In einem Interview mit der Bild am Sonntag sagte er im Jahr 2012: „Für mich ist das Thema (Dopingbeichte) erledigt. Ich habe lange gelitten. Ich habe lange bereut. Ich bin der Meinung, dass ich meine Strafe abgesessen habe. Ich wurde bis August 2013 gesperrt, seit 2005 wurden mir alle Titel aberkannt. Es war eine harte Strafe. Die größte Strafe war, dass es sich über Jahre hingezogen hat – aber da bin ich teilweise selbst schuld dran. Ich möchte die ganze Sache nicht wieder neu aufrollen. Ich fühle mich wohl, meine Familie auch. Meine Ansichten und alle Details könnte ich auch gar nicht erzählen, ohne viele andere mit reinzuziehen. Da bin ich aber nicht der Typ für.“
Den Blick nach vorn, nicht zurück
Aber braucht es noch das große Geständnis? Es gibt keine Zweifel, dass er seinen Toursieg, das Olympiagold von Sydney, die beiden WM-Titel im Zeitfahren und die fünf zweiten Plätze bei der Grand Boucle zwischen 1996 und 2003 nach den Regeln des Jobs erreicht hat, natürlich eingerahmt von Mitsündern, was seinen Dauerspruch „Ich habe niemanden betrogen“, erklärt, aber nicht besser macht.
Dass er nicht umfassend reinen Tisch gemacht hat, lag aber auch an seinem Umfeld. Zunächst verordnete ihm sein langjähriger Manager Wolfgang Strohband, ein Autohändler aus Hamburg, einen Maulkorb – wohl auch aus Furcht vor Regressforderungen der Sponsoren. Auch nach dem Wechsel zu Falk Nier, der im Sommer die Agentur von Charly Steeb in die Insolvenz getrieben haben soll, wurde es nicht besser. Jetzt berät ihn Ole Ternes, der sagt, dass Jan „lieber nach vorne blicken will“. Das könnte er sicher besser tun, wenn er einmal offen und ehrlich zurück geblickt hätte.
So bleibt er das Schmuddelkind, obwohl Ullrich nach wie vor der einzige deutsche Toursieger ist. Allerdings einer, der seinen Erfolg nach menschlichem Ermessen mit Doping befördert haben muss, freilich in einem vergleichbaren Umfeld. Daneben war der Mann mit den Jahrhundertbeinen aber auch Opfer. Was kaum einer weiß: Ullrich war die Tour ein Graus, weil er das Land, die Sprache und den Rummel nicht mochte. Der Giro wäre ihm lieber gewesen, aber auch Sponsor Telekom ließ ihn in eine Rolle drücken, die er nicht spielen wollte.
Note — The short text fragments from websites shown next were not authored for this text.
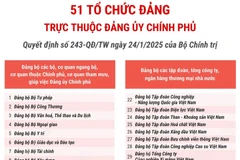 51 tổ chức đảng trực thuộc Đảng ủy Chính phủ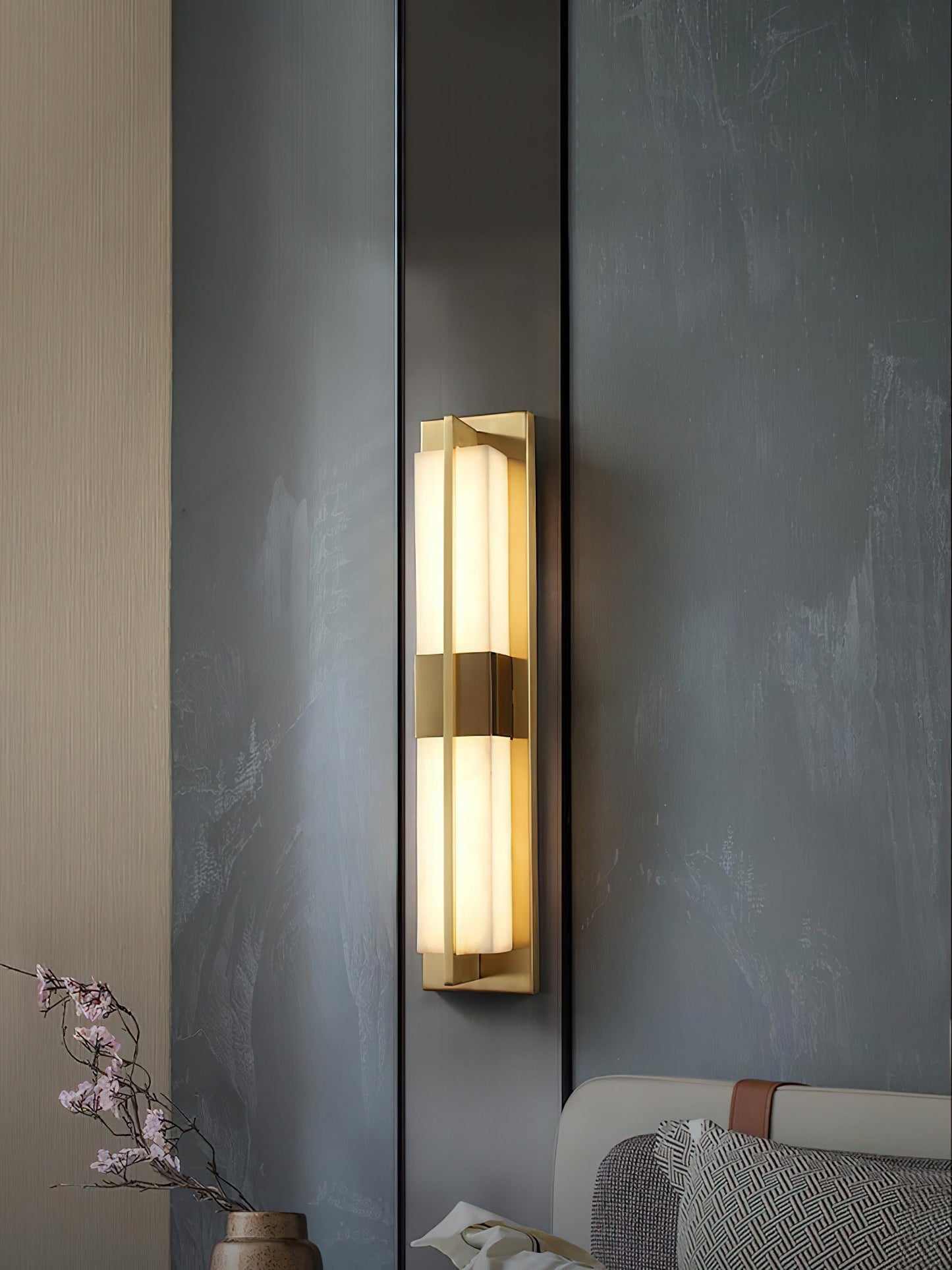 Cecily LED Alabaster Sconce - Modern Glam Heritage Brass & Natural Stone Wall Light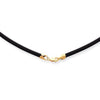 Black Leather Cord Necklace with 14K Gold Lobster Claw Clasp - 1.50mm
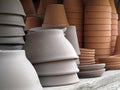 Colored Clay Pots and Saucers. Royalty Free Stock Photo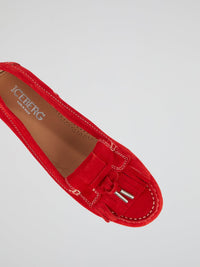 Red Suede Tassel Loafers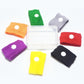 Colorful anti-nausea wristbands set in green, orange, purple, yellow, red, black.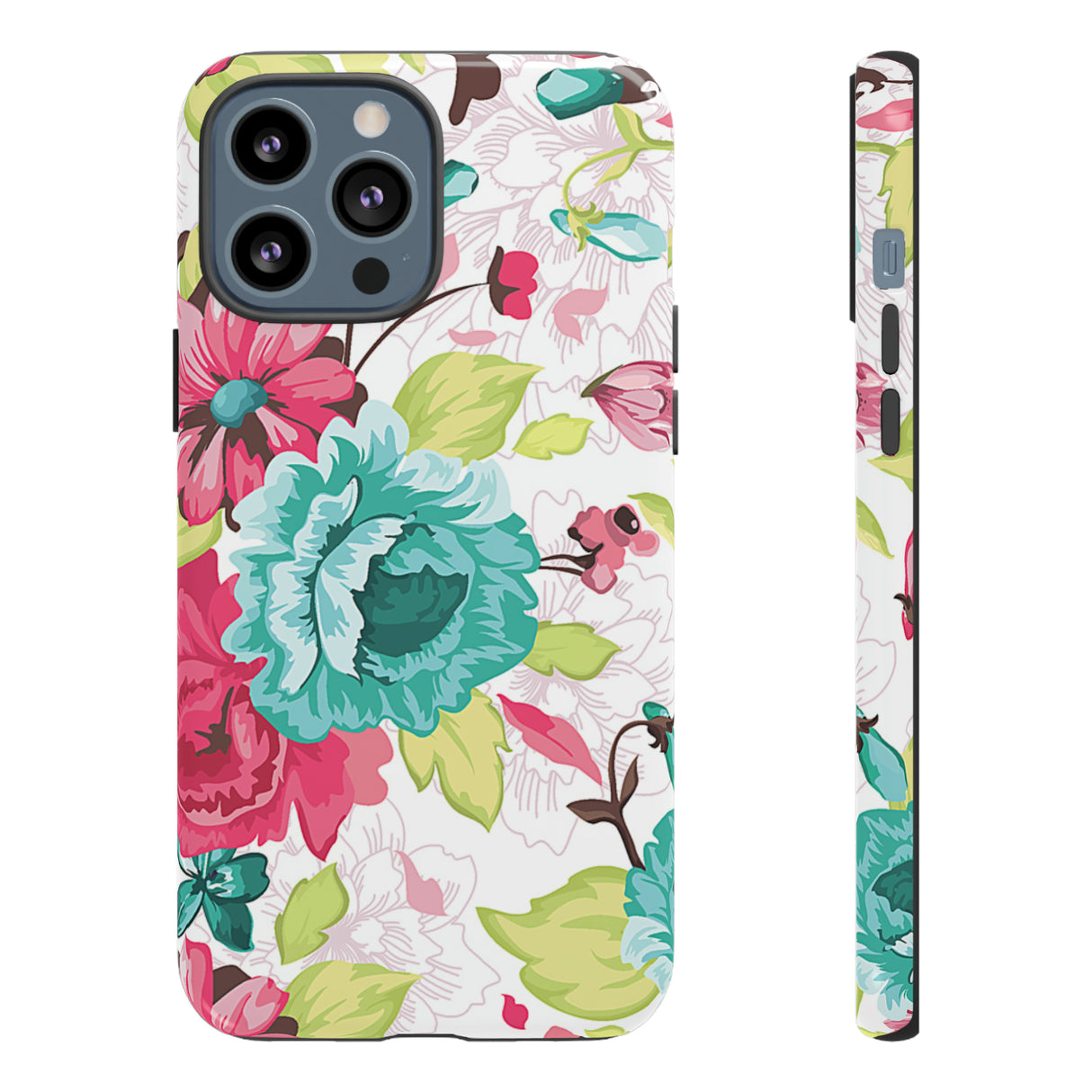 Vintage Flowers Pattern iPhone case (Protective) - Protective Phone Case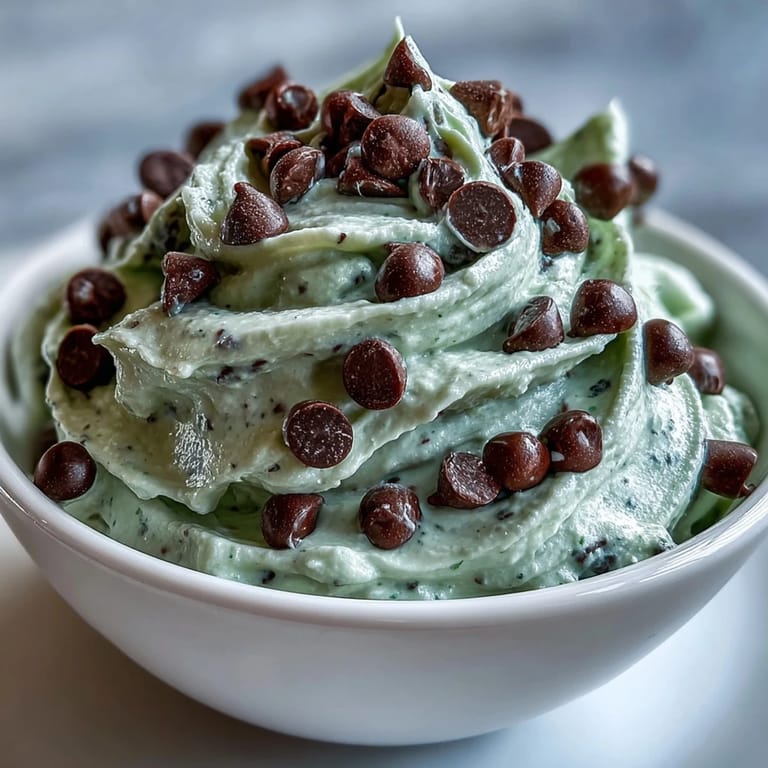 A fluffy, mint-flavored dessert dip loaded with mini chocolate chips, ideal for dipping graham crackers or fresh fruit.  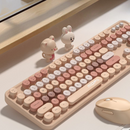 nzmegabuy wireless keyboard and mouse set with retro round keys in pastel pink and beige with cute animal figurines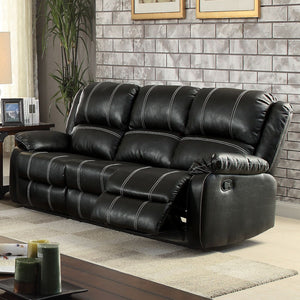 The Zuriel reclining sofa collection is a wonderful choice for any family room, combines luxurious faux leather with the comfort of padded, reclining seating. Comfortable contoured seats, soft to the touch while the reclining footrests offer full leg supp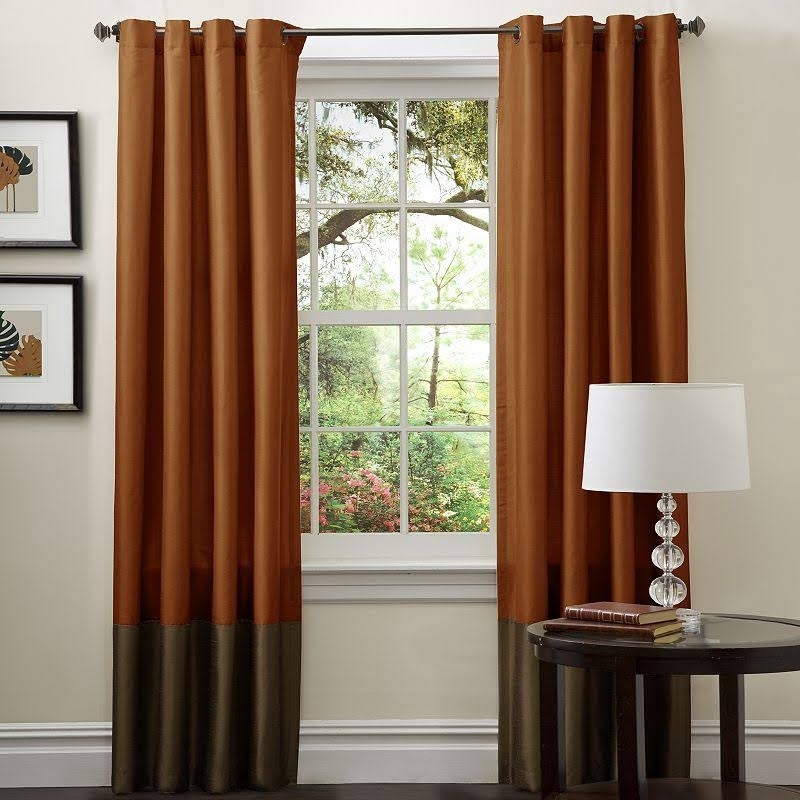Curtains Burnt Orange Color Block Design Grommet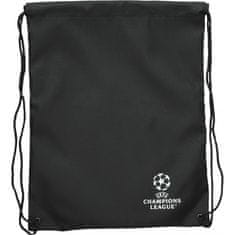 UEFA Vrečka za copate Champions League Black z nogometnim značajem in praktično zasnovo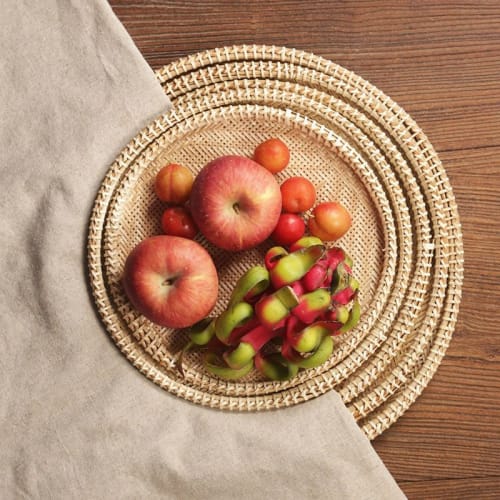 Lirancia Bamboo Strainer Set, Dustpan, Bamboo Strips, Round Bamboo Strainer, Bamboo Tray, Handmade with Natural Materials, Lightweight and Durable, Pe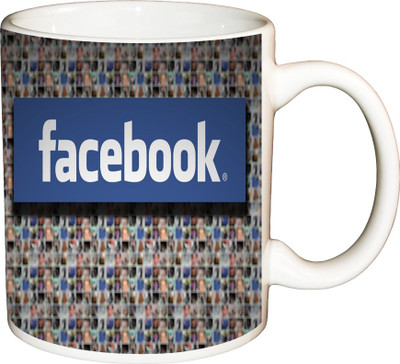 

ShopBuzz Facebook Printed Coffee Ceramic Mug(350 ml), Multicolor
Nach 1997 hat man ihn trotzdem sportlich auf die Tour reduziert, mit Geld und Ansprüchen zugedeckt. Selbst die ARD überwies jährlich 195.000 Euro Gebührengelder an Ullrich, damit der nach den Etappen ein paar dürre Worte in die Mikros keuchte. Heute tun sie so, als wäre er tot.
Gelbe Trikots im Keller
An dieser Fixierung auf die Tour ist er zerbrochen – und am rasanten Abstieg 2006 vom gepamperten Helden zum bösen Buben. Alkohol, Burn-out, Depressionen – eine Zeit lang konnte er nicht mal mehr hobbymäßig Rad fahren. Nach einem Klinikaufenthalt hat er sich gefangen. Heute radelt er mit gut trainierten Freizeitradlern durch die Alpen. Und wenn es bergauf geht, könnte er auch noch mit 40 engagierte Amateure abhängen. Wenn er denn wollte. Seine Gelben Trikots von der Tour, die hat er auch noch. Allerdings in Kartons im Keller.
Vielleicht kommt mit 40 ja doch noch die Einsicht, umfassend aufzuklären. Dann könnte er den Platz in der deutschen Sportgeschichte einnehmen, den er zumindest ein bisschen verdient hat.